Nuestra primera meta en este segundo viaje era investigar la aun más misteriosa “Medemia Abiadensis”  que se describían como existentes mas al sur en el Sudán, en la zona de la sabana más húmeda. Las ubicaciones dadas para M. Abiadensis eran más vagas. A pesar de una búsqueda extensa y preguntando a centenares de locales para conocer su opinión, todo lo que encontrábamos era Borassus Aethiopum e Hyphane Thebaica , los últimos formando algunas veces bosquecillos grandes  en la seca y espinosa  vegetación. Nuestro guía, Ahmed, continuó luego solo nuestra búsqueda, en el extenso Sur, en áreas donde no nos permitieron ir, pero sin el éxito deseado.

La principal característica que distinguían a las M. Abiadensis  de las M. Argum era que el primero, se suponía, prefería un hábitat diferente y su fruta era más pequeña. Nosotros encontramos el último con la fruta de todos los tamaños, sin embargo, esto nos lleva a creer que no hay dos especies sino solo una.

Cómo llegamos a ser arrestados durante nuestras investigaciones, e interrogados como sospechosos de ser espías de la CIA y perdido nuestra ultima noche en el Sur encerrados y con nuestro guía aterrorizado al tener su Land Cruiser confiscado, es otra historia y tendrá que esperar otra oportunidad.
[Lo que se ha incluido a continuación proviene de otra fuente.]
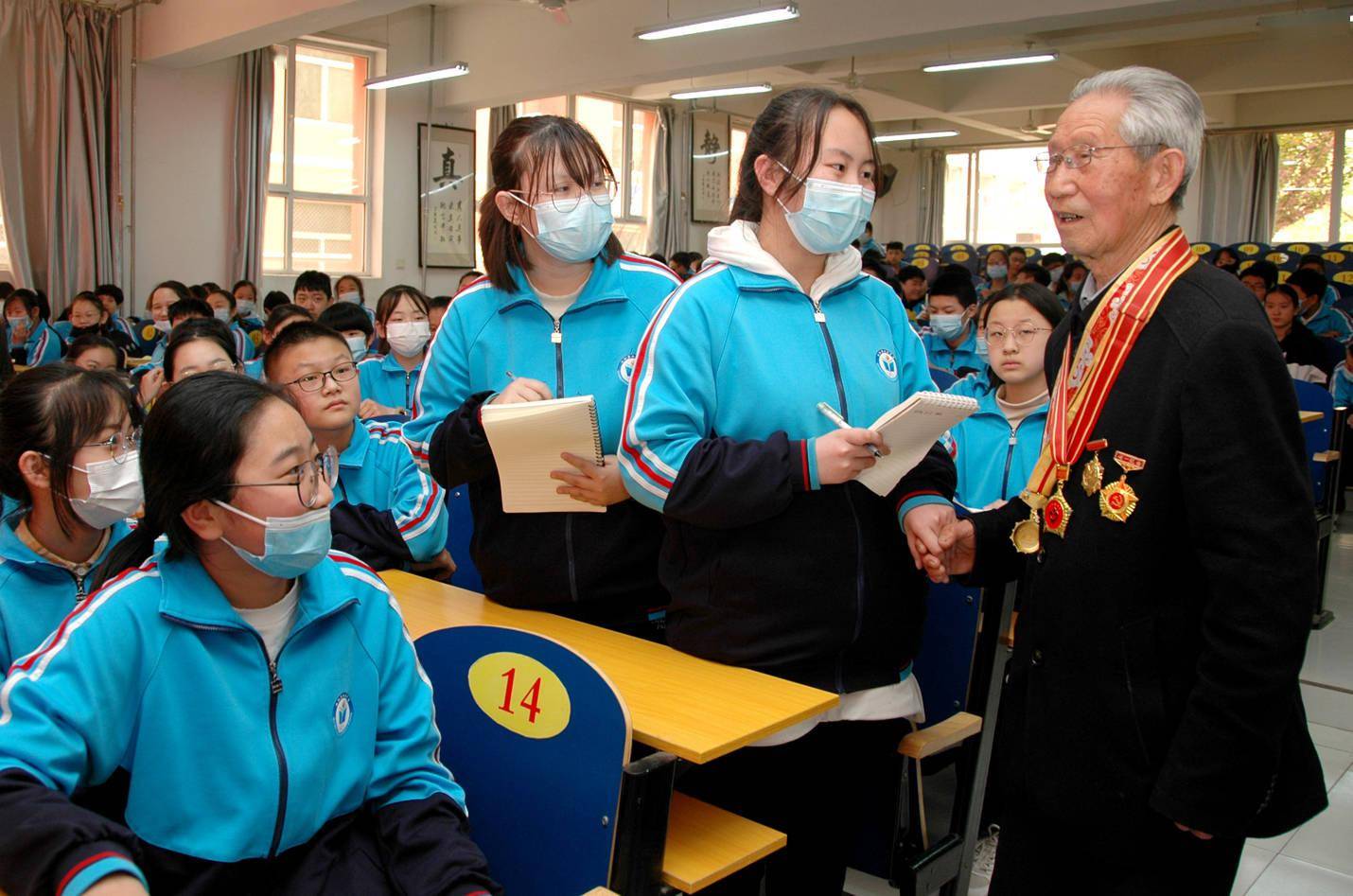 月15日,曲阳县北岳中学,刘三奇在课堂上与同学们互动,老人的句句话语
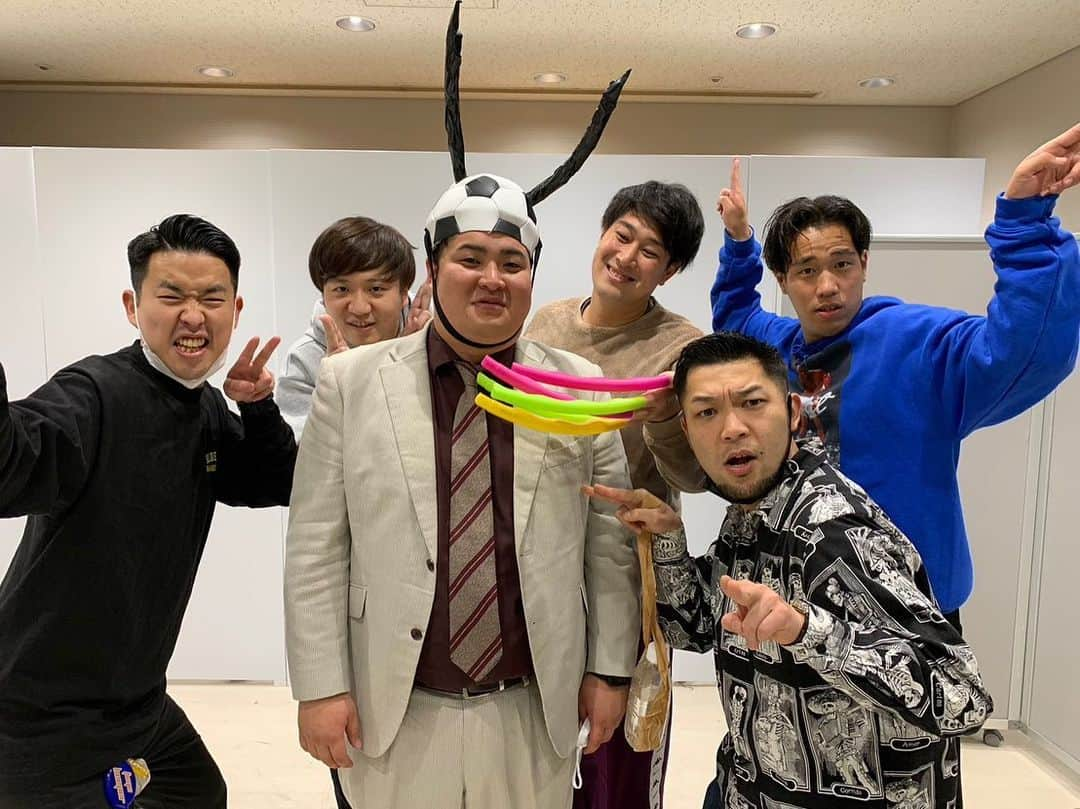 まついあきらさんのインスタグラム写真 - (まついあきらInstagram)「ちょっと前ですが今年最後の単独ライブ本当にありがとうございました！！！！ 今回はサッカーアクトのメンバーにゲストで出てもらいました！！⚽️⚽️ 来年も単独ライブやっていくのでぜひまた見に来てください！！！💪🏿💪🏿💪🏿🔥🔥🔥」12月16日 23時35分 - tmkakiramatsui827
Poco después, al volver del sur, tomamos rumbo norte para visitar la población grande de M. Argun que Hessen Ali nos había prometido. En esta oportunidad contratamos dos Land Cruiser, cada uno con chofer y mecanico e hicimos las cosas adecuadamente. Después de ir al Norte a lo largo del Nilo hasta Abu Hamad, como el pasado año, fuimos mas hacia el este que la vez anterior, entrando en el desierto virgen, a través del gran Wadi Gabgaba hasta los cursos superiores del Wadi Shagrib (Wadis son ríos secos que sólo se llenan de agua una vez cada pocos años). Llegamos allí un caluroso día de diciembre, después de una larga travesía y llenos de arena pegada y los ojos enrojecidos.

Subimos una colina algo rocosa, que podríamos haber pasado por alto y hallamos un inmenso valle arenoso con centenares de palmeras Medemia de todos los tamaños, cociéndose  en el sol del mediodía. El paisaje era de un planeta diferente, no había prácticamente ninguna otra vegetación, sólo las palmas. Parecía increíble que pudieran crecer bajo tales condiciones de sequia.

Otro obsequio que este lugar tuvo para nosotros fueron los innumerables dibujos antiguos que encontramos tallados en la dura piedra basáltica negra en algunos nichos en los precipicios de la montaña. Los antiguos habitantes pintaron las escenas con los animales típicos de la sabana, como avestruces, gacelas y jirafas que ya no podrían vivir ahora aquí con este clima áspero, sumamente seco.

Sugiere esto que el desierto de Nubia tuviera un clima mucho más favorable en un pasado no demasiado distante, permitiendo una flora y fauna más rica. Y de hecho, los más recientes estudios han mostrado que probablemente el Sahara entero tenía un clima más húmedo hace sólo unos mil años. La Medemia y unas Acacia escasas aquí, fueron originariamente plantas de la sabana, y son los últimos sobrevivientes de tiempos más agradables.

Desde el primer valle grande nosotros continuamos una buena distancia hacia el norte a lo largo de una planicie anegadiza bordeada con grandes y pequeñas poblaciones de Medemia. Algunas consistían en sólo unos ejemplares; otras llenaban valles enteros, como el primero que vimos, con centenares de palmas.

Algunas poblaciones estaban en condiciones aparentemente malas, con muchos troncos muertos y ninguna planta pequeña alrededor; otras, sin embargo, eran sorprendentemente saludables, estaban creciendo y regenerándose, con muchos plantines y plantas jóvenes esparcidas alrededor de las más viejas. Los cursos de los Wadis, responsables del suministro de agua a las palmas, probablemente estén cambiando dramáticamente con cada inundación mayor, y decida el destino de estas áreas. 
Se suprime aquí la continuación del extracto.